X
Business

HKBN staff staking their salary in the name of digital transformation

The 'pain-gain' initiative is how the Hong Kong-based telco gets motivation for success out of its staff.
Written by Asha Barbaschow, Contributor

Hong Kong Broadband Network (HKBN) is in the midst of transforming its business from a traditional telecom into a technology services provider.

However, it has taken a different approach to spurring motivation among its staff along this journey, with those across the business staking a portion of their salary on the success of a project.

Speaking at Mulesoft Connect in Sydney earlier this month, HKBN co-owner and head of digital Samuel Hui said that the "pain-gain" initiative sees staff bet 20% of their salary before a project is undertaken. If the project succeeds, they get a "multiple" back; if it fails, the 20% is docked from salaries and given to charity.

"The telecom market in Hong Kong is actually quite competitive, because it's a small area with a lot of overlapping coverage and that's why we use a war zone kind of analogy quite a bit," Hui said.

See also: Digital transformation: A CXO's guide (ZDNet special report) | Download the report as a PDF (TechRepublic)

"In the past, IT would generally be seen as a weapons factory, and then the sales and marketing folks would be in the frontline in the trenches kind of fighting ... then they would send a memo back, create this weapon for me, push it out there, but then by then it was too late. So what we did very differently at HKBN was we actually brought the IT, brought the weapons specialists right into the frontline with us as we fight these battles."

Each of the squads, Hui said, have a clear objective of what targets they need to hit. He said they're empowered enough such that they actually are able to "course correct, or create new weapons or use strategies" to achieve those objectives.

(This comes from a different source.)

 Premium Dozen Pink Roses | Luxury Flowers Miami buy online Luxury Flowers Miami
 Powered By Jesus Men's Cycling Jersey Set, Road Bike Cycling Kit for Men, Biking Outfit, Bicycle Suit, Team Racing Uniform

"The business side and the IT side, each of us have a core objective, is it increasing sales, is it increasing retention, etc, and each of these commanders actually put actual money into achieving these objectives and if we hit it, we get a multiple back from the company, if we don't hit it, the money that we put into this pot gets donated to charity, so good on both ways," he explained.

"That's what we call pain-gain and that's really how we started pulling business and IT closer together."

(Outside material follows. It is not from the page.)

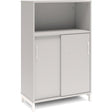 Kontorskab DNA, 800x1275 mm, Lys grå/Hvid, skydedør 3A4 – image 1
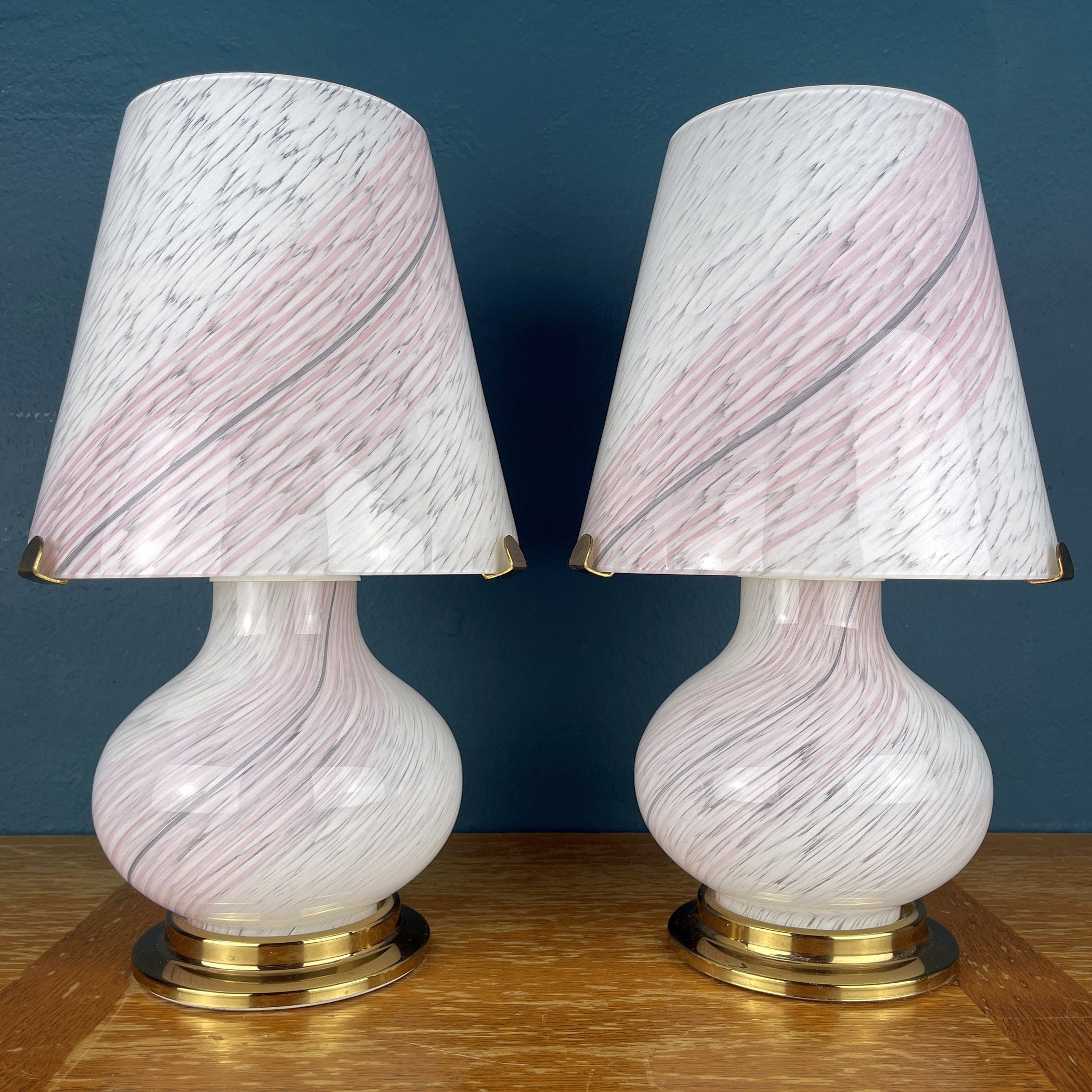 Pair of murano table lamps Mushroom Italy 1970s Italian Modern Retro home decor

The 20% stake is made by all parts of the business, not just IT, with customer service and operations, and even partners such as those from Salesforce-owned Mulesoft are putting their own money on the line.

"When they say, 'Hey this is something that we really back, this digital transformation is something we really back, here's 20% of my salary into this product', then the executives take notice, because you're putting money on the line," Hui said.  "It all makes business sense because the increase in revenue that we generate from the business out of these projects well covers how much we're getting back, we're just getting a share of it."

HKBN is Hong Kong's second largest telco. Hui said the organisation currently boasts 1 in 3 families using its services, and on the enterprise side, 1 in 2 companies in Hong Kong.

"But we are only really capturing one-tenth of the whole industry revenue which means that there's quite a bit of value that we can bring additionally to our customers and that's really where our whole digital transformation journey comes from, how do we engage our customers more effectively, especially with such a large CRM database," Hui explained.

"How do we cross-sell, up-sell, create loyalty, etc to our customers from a brand and from an experience perspective -- and that's really the vision guiding along our journey with digital transformation."